Kubeflow Pipelines adds support to Kubeflow for building and managing ML workflows. An SDK makes it easy to define a pipeline via Python code and to build pipelines from a Jupyter notebook.

Once you've specified a pipeline, you can use it as the basis for multiple experiments, each of which can have multiple, potentially scheduled runs. You can take advantage of already-defined pipeline steps (components) and pipelines or build your own.

The Pipelines UI, accessed from the Kubeflow dashboard, lets you easily specify, deploy, and monitor your pipelines and experiments and inspect the output of runs.

Image by:

^{A pipeline graph.}

Image by:

^{Inspecting the configuration of a pipeline step.}

Image by:

^{Inspecting the logs for a pipeline step.}

Pipelines UI integrates support for launching TensorBoard

Image by:

^{The pipelines UI has integrated support for launching TensorBoard to monitor the output of a given step.}

Image by:

^{An example Tensorboard dashboard.}

Building and using pipelines from a Jupyter notebook

The Pipelines SDK includes support for constructing and running pipelines from a Jupyter notebook—including the ability to build and compile a pipeline directly from Python code that specifies its functionality, without leaving the notebook. See this example notebook for more detail.

What's next

Kubeflow's next major release, 0.4, is coming by the end of 2018. Here are some key areas we are working on:

Ease of use: To make Kubeflow more accessible to data scientists, we want to make it possible to perform common ML tasks without having to learn Kubernetes.
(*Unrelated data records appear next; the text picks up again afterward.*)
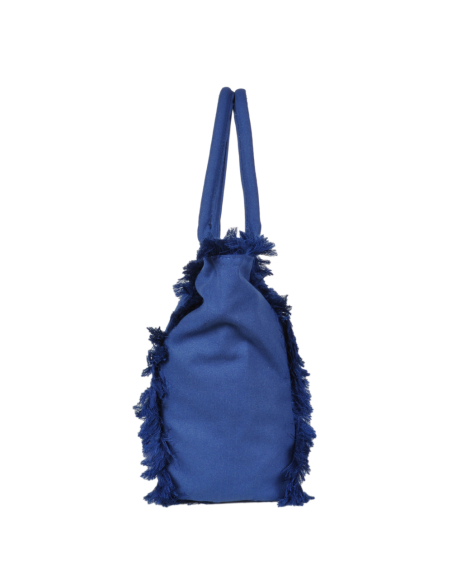 BORSA CON FRANGE E RICAMO ORO GRANDE 100%PL AQUA DI MARE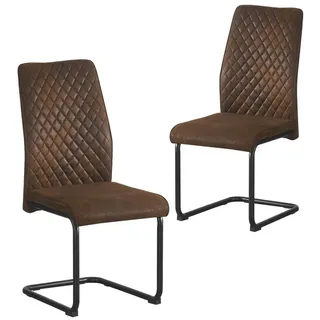 B&D home THEO 2er Set, Küchenstuhl Bürostuhl Schwingstuhl Freischwinger Stühle für Küche, Esszimmer, Büro, Industrial modernes Design, Wildleder Optik Braun, 11138-BRAU-2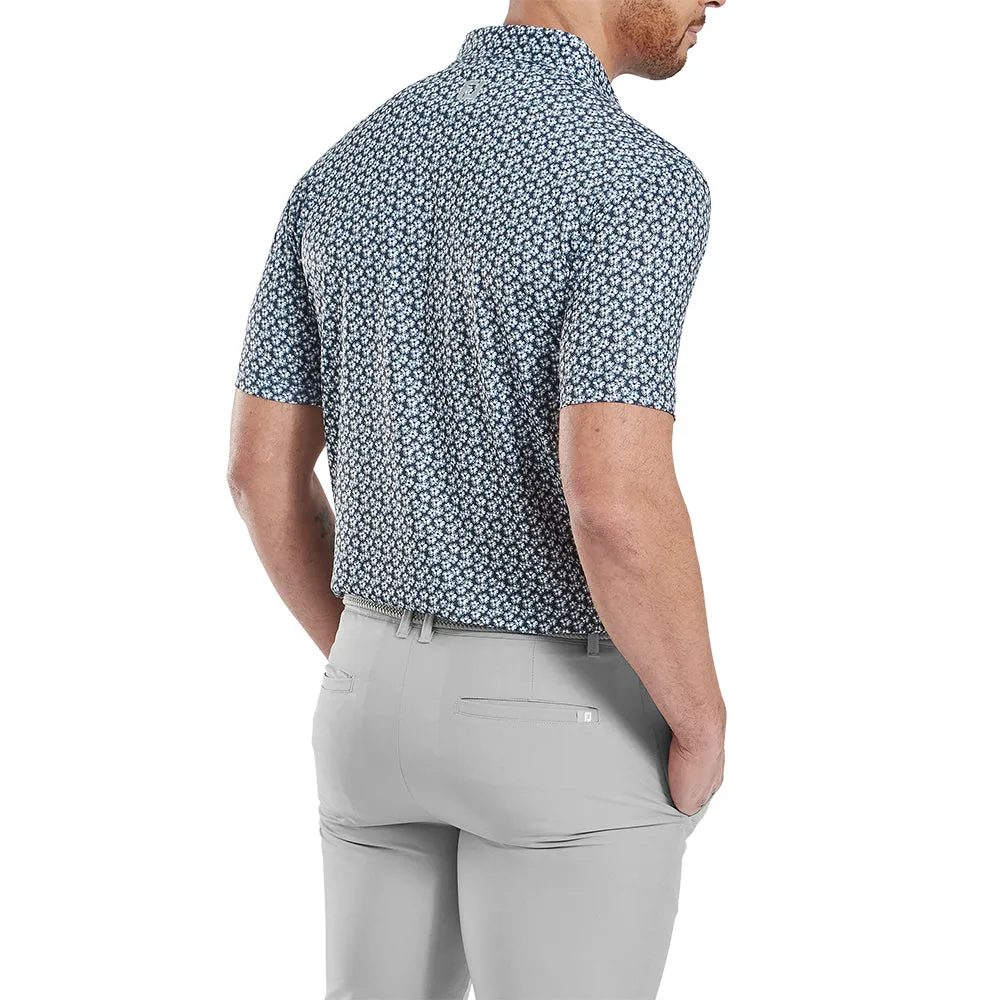 Break Boundaries Footjoy Floral Sketch Print Lisle Polo Shirt - White/Navy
In 0.4, we plan to provide more tooling to make it easy for data scientists to train and deploy models entirely from a notebook.
Model tracking: Keeping track of experiments is a major source of toil for data scientists and ML engineers. In 0.4, we plan on making it easier to track models by providing a simple API and database for tracking models.
Production readiness: With 0.4, we'll continue to push Kubeflow towards production readiness by graduating our PyTorch and TFJob operators to beta.